Let me be absolutely clear: nobody wants uncontrolled migration. What people want is a comprehensive plan that is fair and works in the interests of our country. The announcement of family visas fails that benchmark. It had all the feel of a policy developed on the back of a fag packet, as we used to say. First, the Government announced that they were more than doubling the threshold to £38,700 by spring 2024. Within days they changed course and said there would be a phased approach starting at £29,000 in spring ’24, rising to £34,500 at an unspecified date later in ’24, and then £38,700. Only later, in response to a petition, did they confirm that the £38,700 would be delayed until early 2025.

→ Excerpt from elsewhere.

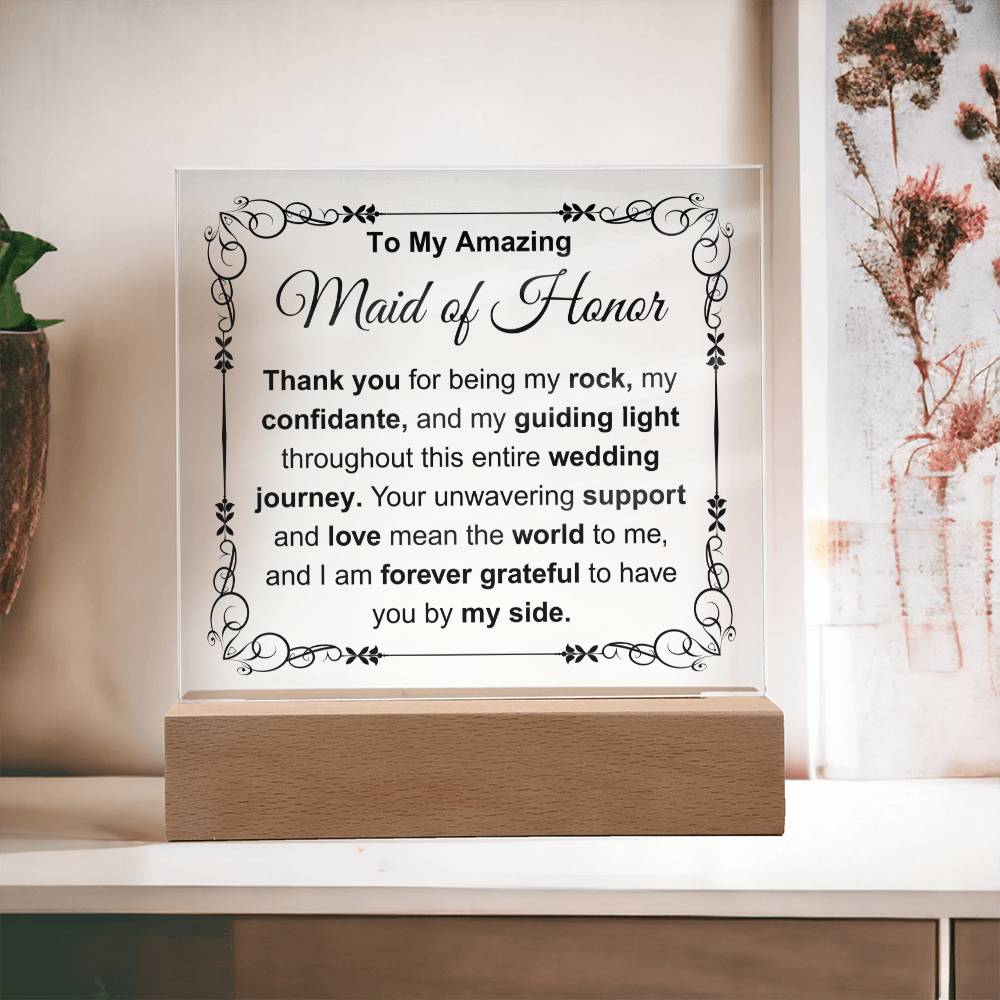 To My Maid of Honor Acrylic Plaque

Originally a spokesperson said the threshold would apply to visa extensions, but, thankfully, later contradicted that and confirmed that that would not be the case. What is left from the original announcement remains a big change so, as required, the Home Office carried out an impact assessment. However, it has refused to publish it, which was highlighted by the recent House of Lords Scrutiny Committee report, presumably, as with previous Home Office impact assessments, because the results were not favourable to its arguments.

I will share the impact that my constituents have told me the policy would have on their marriages, family life and future. The first constituent to write to me was a charity worker and, as such, was willing to accept a low income, but his willingness to make that salary sacrifice would prevent him having the opportunity to settle here with his fiancée from Argentina. Another told me that he had met his Chinese girlfriend while studying at university. They had planned to start their graduate life together in the United Kingdom, but will now not be able to do so. A midwife told me that she cannot bring her husband over so they could start their family here.

One man wrote to me to say that he had recently got engaged to his partner in Qatar and planned to have a civil partnership here in the UK, but those plans were off. Others told me that they were considering dropping out of degrees to fund full-time employment to meet income requirements, and one told me of the devastating choice between leaving the UK or leaving the person they love.

Afzal Khan Portrait Afzal Khan (Manchester, Gorton) (Lab)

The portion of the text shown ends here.